Recorded data START
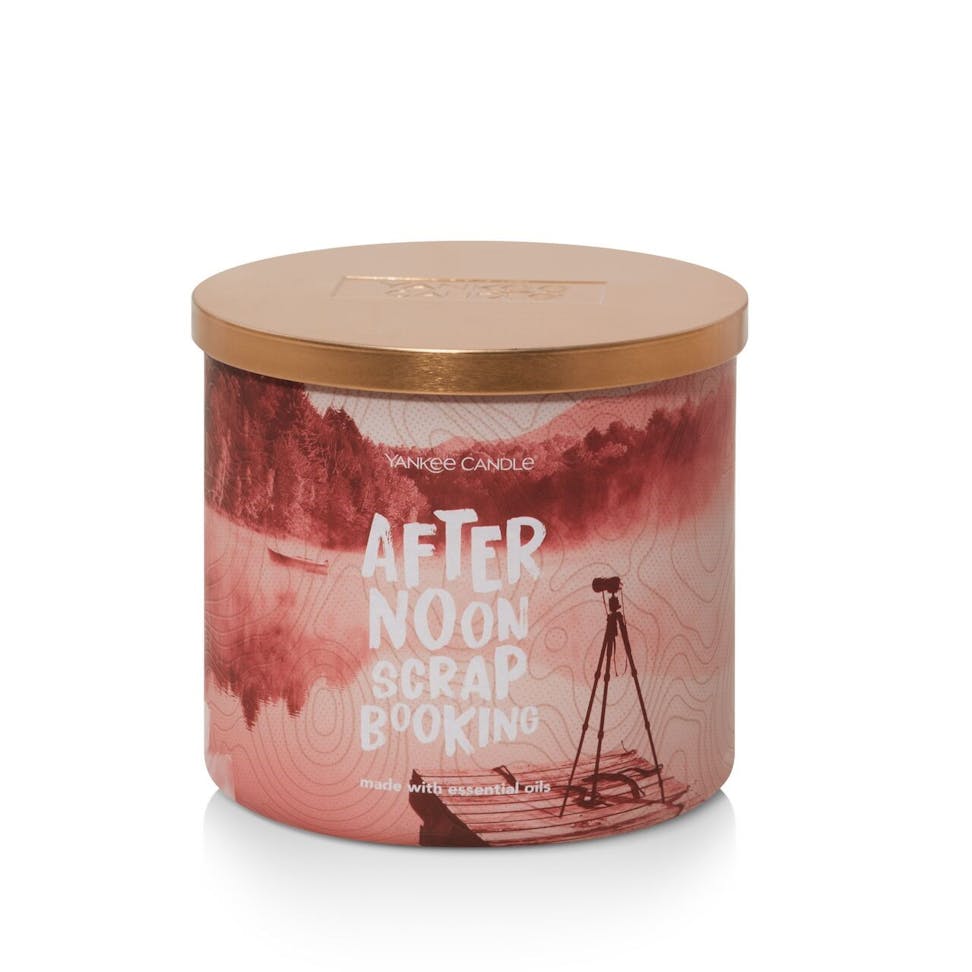Cottage Getaway Collection Afternoon Scrapbooking 3-Wick Candle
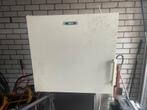 Zanussi vriezer klein model, Witgoed en Apparatuur, Koelkasten en IJskasten, Minder dan 85 cm, Ophalen of Verzenden, Minder dan 75 liter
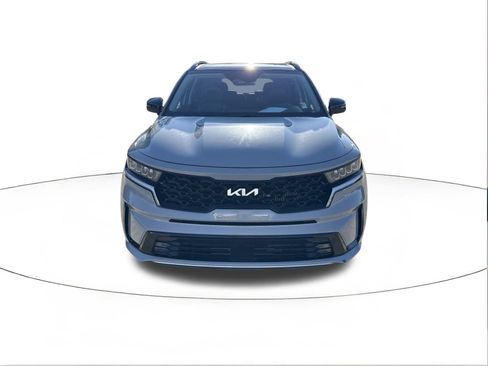 Used 2022 Kia Sorento EX w/ Panoramic Sunroof Package image 8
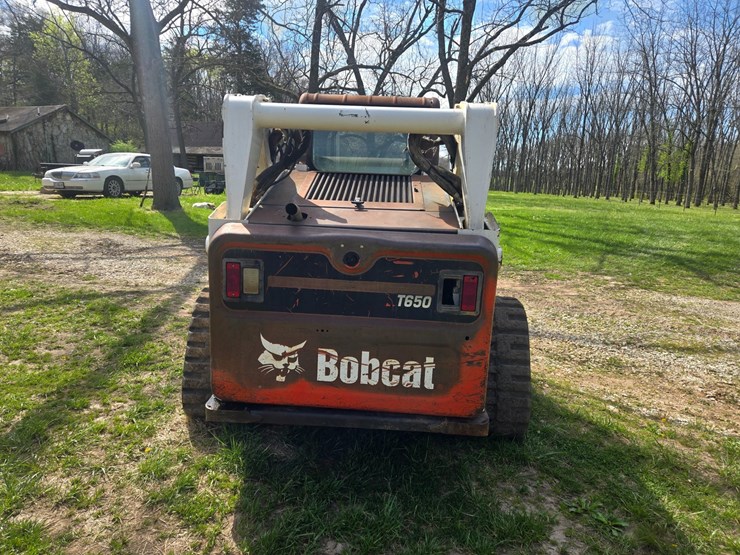 2010-bobcat-t650-image-10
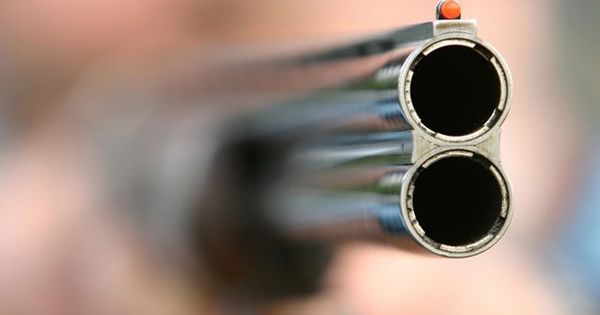 Photo of I-a pus arma la piept, acuzând-o că i-ar fi furat 3000 de lei. O femeie din Strășeni, amenințată chiar de vecinul ei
Recorded data END
Output all data exactly, omitting images.

Cottage Getaway Collection Afternoon Scrapbooking 3-Wick Candle
 Zanussi vriezer klein model, Witgoed en Apparatuur, Koelkasten en IJskasten, Minder dan 85 cm, Ophalen of Verzenden, Minder dan 75 liter
 Used 2022 Kia Sorento EX w/ Panoramic Sunroof Package image 8
 2010-bobcat-t650-image-10
 Photo of I-a pus arma la piept, acuzând-o că i-ar fi furat 3000 de lei. O femeie din Strășeni, amenințată chiar de vecinul ei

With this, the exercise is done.